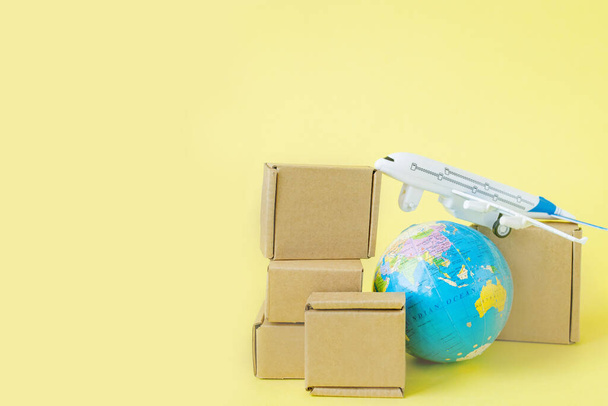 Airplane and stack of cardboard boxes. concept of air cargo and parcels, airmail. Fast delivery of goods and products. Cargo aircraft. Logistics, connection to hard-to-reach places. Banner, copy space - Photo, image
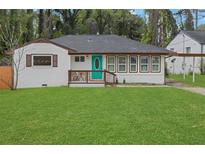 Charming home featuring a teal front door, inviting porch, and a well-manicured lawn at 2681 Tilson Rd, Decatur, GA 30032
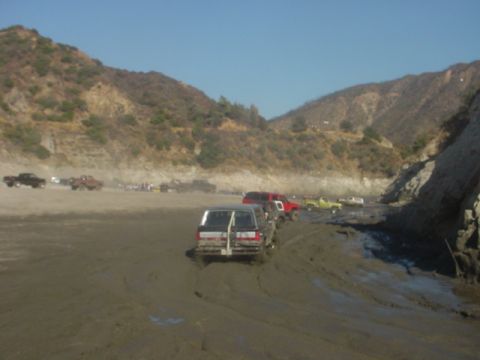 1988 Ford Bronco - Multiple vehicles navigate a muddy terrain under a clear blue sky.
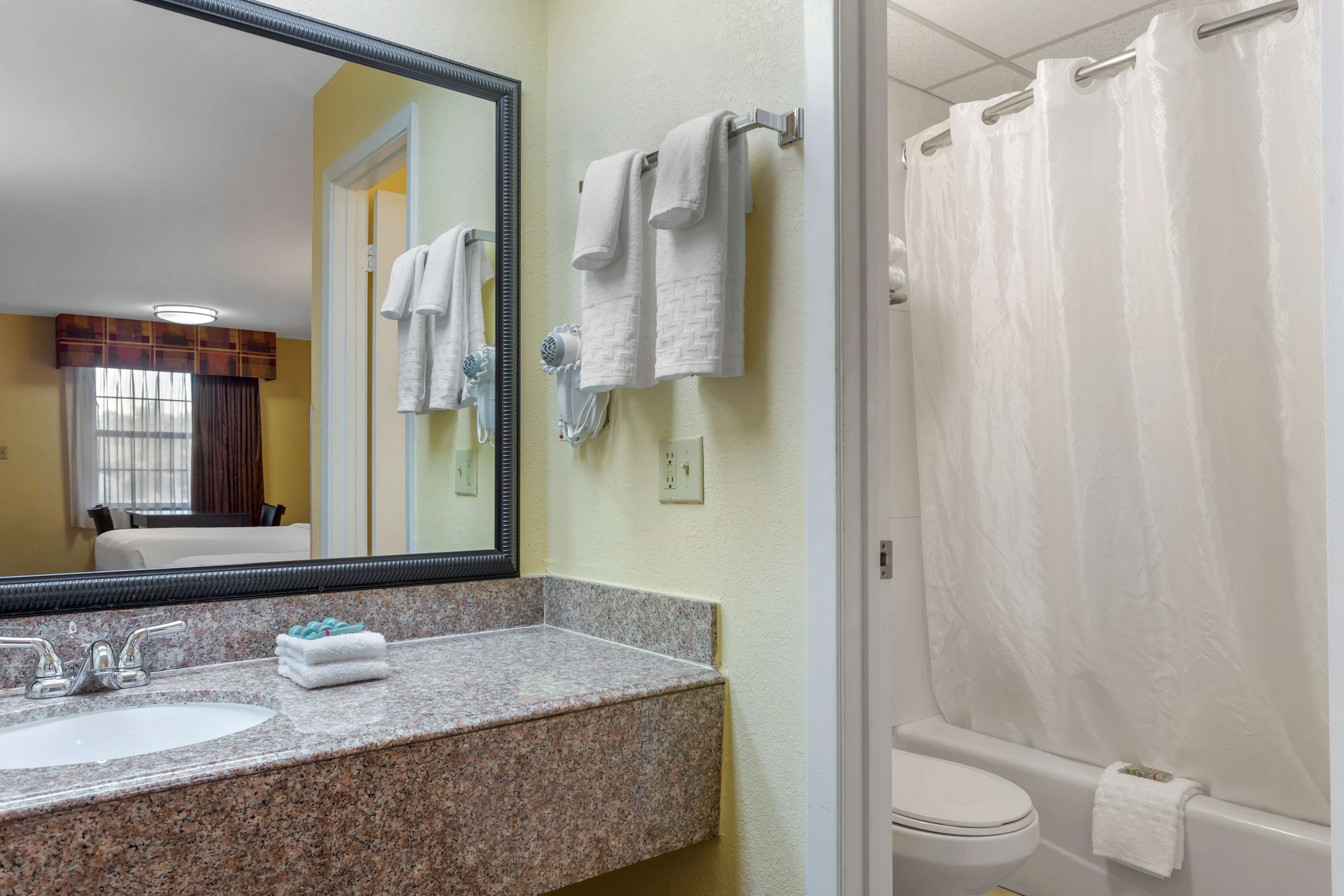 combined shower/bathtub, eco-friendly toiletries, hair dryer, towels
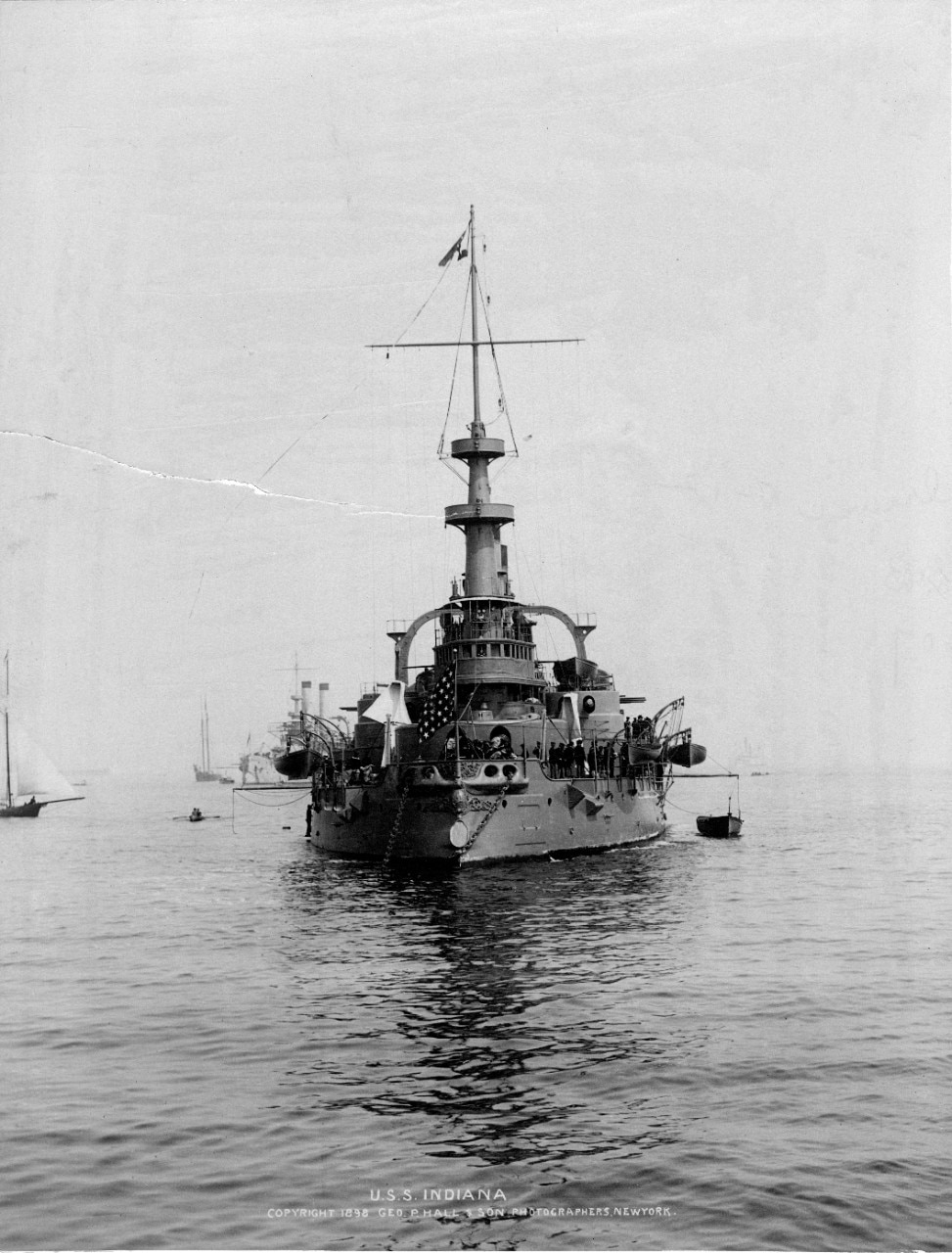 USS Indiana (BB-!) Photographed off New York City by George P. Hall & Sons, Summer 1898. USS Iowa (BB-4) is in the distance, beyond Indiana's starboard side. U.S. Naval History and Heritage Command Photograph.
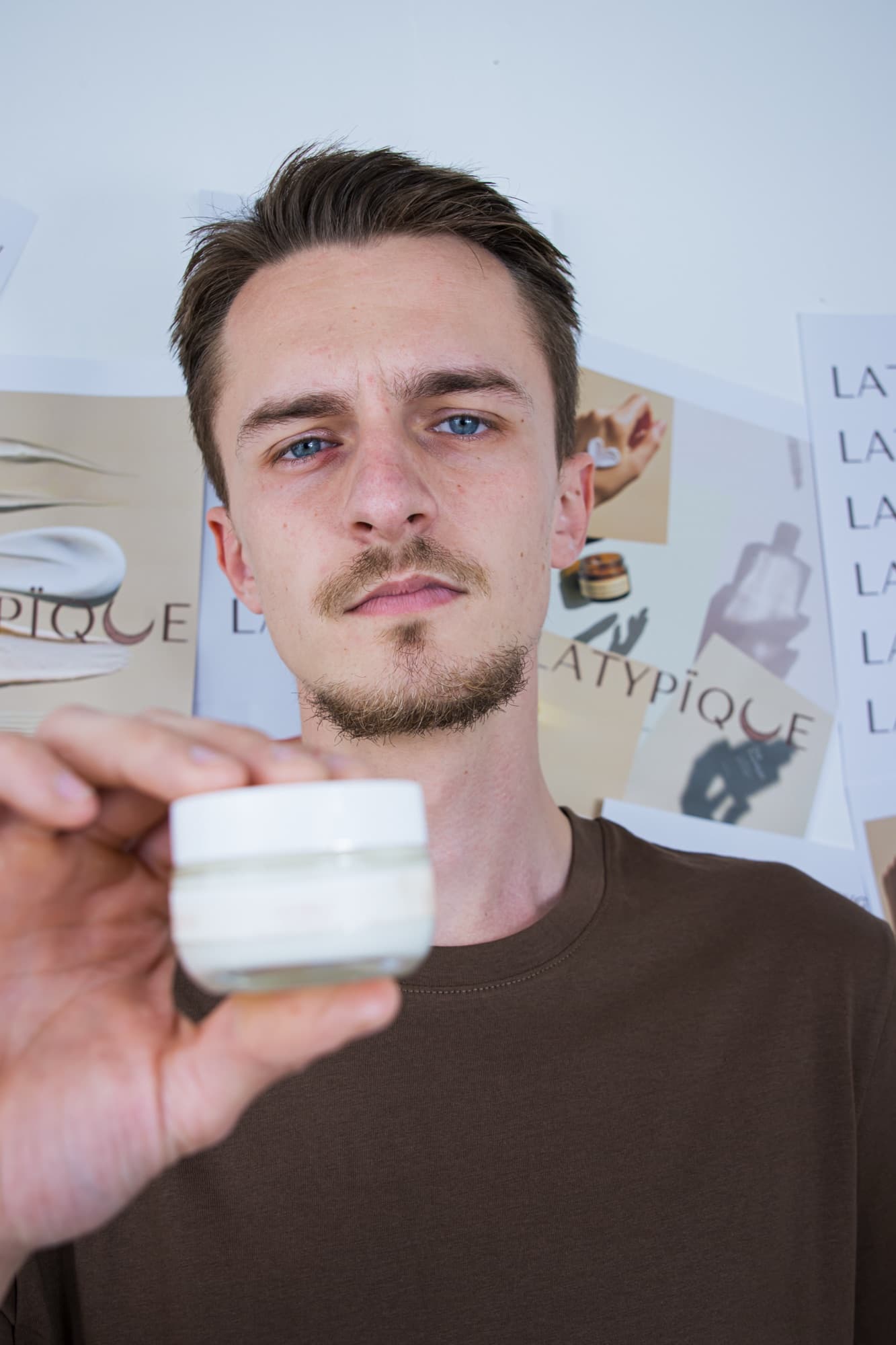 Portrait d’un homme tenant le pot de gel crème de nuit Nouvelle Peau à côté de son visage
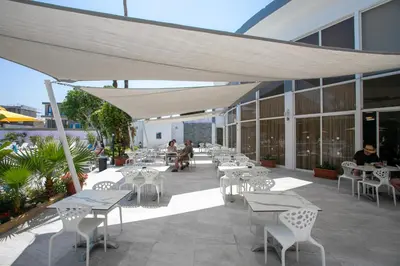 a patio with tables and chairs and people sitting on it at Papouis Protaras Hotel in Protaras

» **Task goal**: Using the records above, extract exactly and only the lines from the one with "USS Indiana (BB-!)" through the final line, inclusive, leaving out pictures.

» **Answer box**:
 USS Indiana (BB-!) Photographed off New York City by George P. Hall & Sons, Summer 1898. USS Iowa (BB-4) is in the distance, beyond Indiana's starboard side. U.S. Naval History and Heritage Command Photograph.
 Portrait d’un homme tenant le pot de gel crème de nuit Nouvelle Peau à côté de son visage
 a patio with tables and chairs and people sitting on it at Papouis Protaras Hotel in Protaras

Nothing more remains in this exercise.